Exercise
Go to the line holding "This screen grab" in the entries below and write out exactly every line down to and including the line holding "Blank white frame on white wall background".

Data to examine

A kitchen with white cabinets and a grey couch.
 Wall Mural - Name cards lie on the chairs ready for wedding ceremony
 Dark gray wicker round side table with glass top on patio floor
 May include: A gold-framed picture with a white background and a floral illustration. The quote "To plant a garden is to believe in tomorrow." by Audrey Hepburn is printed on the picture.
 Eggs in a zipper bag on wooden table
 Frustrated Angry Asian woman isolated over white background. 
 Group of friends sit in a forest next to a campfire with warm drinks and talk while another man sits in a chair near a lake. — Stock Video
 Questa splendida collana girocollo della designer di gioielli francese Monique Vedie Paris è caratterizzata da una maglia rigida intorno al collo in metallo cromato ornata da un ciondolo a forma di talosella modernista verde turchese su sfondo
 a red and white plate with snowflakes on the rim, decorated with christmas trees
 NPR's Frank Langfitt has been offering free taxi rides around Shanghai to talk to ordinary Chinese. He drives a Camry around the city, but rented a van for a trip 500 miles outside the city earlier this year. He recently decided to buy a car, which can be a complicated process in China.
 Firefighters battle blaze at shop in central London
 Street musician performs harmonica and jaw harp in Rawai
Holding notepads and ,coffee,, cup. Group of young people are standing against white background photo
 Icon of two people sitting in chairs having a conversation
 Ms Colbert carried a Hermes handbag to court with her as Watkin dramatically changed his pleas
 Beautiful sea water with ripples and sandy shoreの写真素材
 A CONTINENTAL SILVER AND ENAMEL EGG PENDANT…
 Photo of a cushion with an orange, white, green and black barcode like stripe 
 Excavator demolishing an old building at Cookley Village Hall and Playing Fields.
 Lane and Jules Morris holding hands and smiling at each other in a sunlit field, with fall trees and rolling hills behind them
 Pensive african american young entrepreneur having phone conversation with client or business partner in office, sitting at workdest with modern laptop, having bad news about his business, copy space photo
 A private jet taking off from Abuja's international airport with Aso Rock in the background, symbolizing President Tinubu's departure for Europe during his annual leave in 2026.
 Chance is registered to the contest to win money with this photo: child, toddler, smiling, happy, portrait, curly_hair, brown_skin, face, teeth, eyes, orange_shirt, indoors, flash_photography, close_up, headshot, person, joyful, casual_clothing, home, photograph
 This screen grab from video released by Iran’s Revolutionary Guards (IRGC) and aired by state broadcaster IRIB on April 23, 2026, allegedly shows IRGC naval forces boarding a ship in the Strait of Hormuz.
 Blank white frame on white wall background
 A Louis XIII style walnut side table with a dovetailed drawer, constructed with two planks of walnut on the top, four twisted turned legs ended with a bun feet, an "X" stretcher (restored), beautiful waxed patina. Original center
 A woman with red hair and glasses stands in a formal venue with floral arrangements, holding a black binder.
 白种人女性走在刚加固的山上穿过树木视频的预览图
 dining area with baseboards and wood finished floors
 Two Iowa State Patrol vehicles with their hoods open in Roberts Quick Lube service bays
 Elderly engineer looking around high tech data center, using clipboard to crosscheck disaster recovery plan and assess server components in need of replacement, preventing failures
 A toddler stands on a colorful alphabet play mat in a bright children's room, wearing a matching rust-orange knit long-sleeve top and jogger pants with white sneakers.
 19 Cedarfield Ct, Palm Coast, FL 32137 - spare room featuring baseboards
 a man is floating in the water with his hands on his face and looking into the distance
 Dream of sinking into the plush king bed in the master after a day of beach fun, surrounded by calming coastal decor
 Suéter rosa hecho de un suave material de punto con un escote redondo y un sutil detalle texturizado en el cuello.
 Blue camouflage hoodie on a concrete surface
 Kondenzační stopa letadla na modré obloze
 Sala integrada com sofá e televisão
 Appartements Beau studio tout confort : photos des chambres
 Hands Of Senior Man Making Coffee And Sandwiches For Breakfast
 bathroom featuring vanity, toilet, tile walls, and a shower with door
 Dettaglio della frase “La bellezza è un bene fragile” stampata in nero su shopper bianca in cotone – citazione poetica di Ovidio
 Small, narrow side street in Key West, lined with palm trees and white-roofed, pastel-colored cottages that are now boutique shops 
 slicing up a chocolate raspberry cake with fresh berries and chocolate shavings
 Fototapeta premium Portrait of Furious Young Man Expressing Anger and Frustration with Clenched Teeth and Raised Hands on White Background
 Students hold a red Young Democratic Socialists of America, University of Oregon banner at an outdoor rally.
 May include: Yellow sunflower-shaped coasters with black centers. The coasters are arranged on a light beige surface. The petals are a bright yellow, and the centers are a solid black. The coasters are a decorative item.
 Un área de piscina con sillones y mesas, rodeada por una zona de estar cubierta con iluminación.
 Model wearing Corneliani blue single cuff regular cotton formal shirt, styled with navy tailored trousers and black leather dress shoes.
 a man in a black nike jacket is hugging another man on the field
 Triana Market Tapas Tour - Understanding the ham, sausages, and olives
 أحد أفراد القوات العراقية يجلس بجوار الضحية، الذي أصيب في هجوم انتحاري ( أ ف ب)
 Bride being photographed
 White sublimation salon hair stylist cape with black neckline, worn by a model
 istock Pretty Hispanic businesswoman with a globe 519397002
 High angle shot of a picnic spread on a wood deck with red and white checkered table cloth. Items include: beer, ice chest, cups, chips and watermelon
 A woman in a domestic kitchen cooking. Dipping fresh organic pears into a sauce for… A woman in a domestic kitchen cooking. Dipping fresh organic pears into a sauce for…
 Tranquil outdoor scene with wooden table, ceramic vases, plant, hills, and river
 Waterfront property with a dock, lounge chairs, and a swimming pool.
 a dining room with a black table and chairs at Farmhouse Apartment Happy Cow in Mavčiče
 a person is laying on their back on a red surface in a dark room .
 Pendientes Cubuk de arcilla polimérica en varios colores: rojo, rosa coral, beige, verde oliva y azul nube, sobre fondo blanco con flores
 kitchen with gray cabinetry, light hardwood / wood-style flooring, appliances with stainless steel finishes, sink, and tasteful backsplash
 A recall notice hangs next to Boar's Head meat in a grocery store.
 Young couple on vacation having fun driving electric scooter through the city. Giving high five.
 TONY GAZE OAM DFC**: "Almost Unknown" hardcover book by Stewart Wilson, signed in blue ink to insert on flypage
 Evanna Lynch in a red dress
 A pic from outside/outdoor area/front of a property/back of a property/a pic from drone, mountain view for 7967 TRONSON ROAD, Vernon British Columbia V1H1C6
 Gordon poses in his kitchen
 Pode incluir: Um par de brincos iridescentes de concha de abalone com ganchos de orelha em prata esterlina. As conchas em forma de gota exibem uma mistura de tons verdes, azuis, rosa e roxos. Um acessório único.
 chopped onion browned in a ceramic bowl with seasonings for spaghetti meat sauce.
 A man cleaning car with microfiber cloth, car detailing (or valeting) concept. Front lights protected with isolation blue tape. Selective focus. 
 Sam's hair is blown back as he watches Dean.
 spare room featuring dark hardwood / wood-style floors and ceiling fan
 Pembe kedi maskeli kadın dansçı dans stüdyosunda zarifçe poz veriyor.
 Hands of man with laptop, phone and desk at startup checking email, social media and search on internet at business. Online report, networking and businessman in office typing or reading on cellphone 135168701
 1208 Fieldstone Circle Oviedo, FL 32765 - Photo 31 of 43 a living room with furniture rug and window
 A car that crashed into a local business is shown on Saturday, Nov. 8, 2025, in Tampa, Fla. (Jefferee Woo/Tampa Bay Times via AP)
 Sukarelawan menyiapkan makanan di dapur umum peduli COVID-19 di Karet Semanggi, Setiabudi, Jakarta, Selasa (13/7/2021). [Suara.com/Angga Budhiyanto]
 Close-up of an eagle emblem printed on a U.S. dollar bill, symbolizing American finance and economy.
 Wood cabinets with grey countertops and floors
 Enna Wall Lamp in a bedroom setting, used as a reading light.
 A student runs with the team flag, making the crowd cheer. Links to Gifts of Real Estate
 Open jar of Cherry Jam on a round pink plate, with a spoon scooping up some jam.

Answer space
 This screen grab from video released by Iran’s Revolutionary Guards (IRGC) and aired by state broadcaster IRIB on April 23, 2026, allegedly shows IRGC naval forces boarding a ship in the Strait of Hormuz.
 Blank white frame on white wall background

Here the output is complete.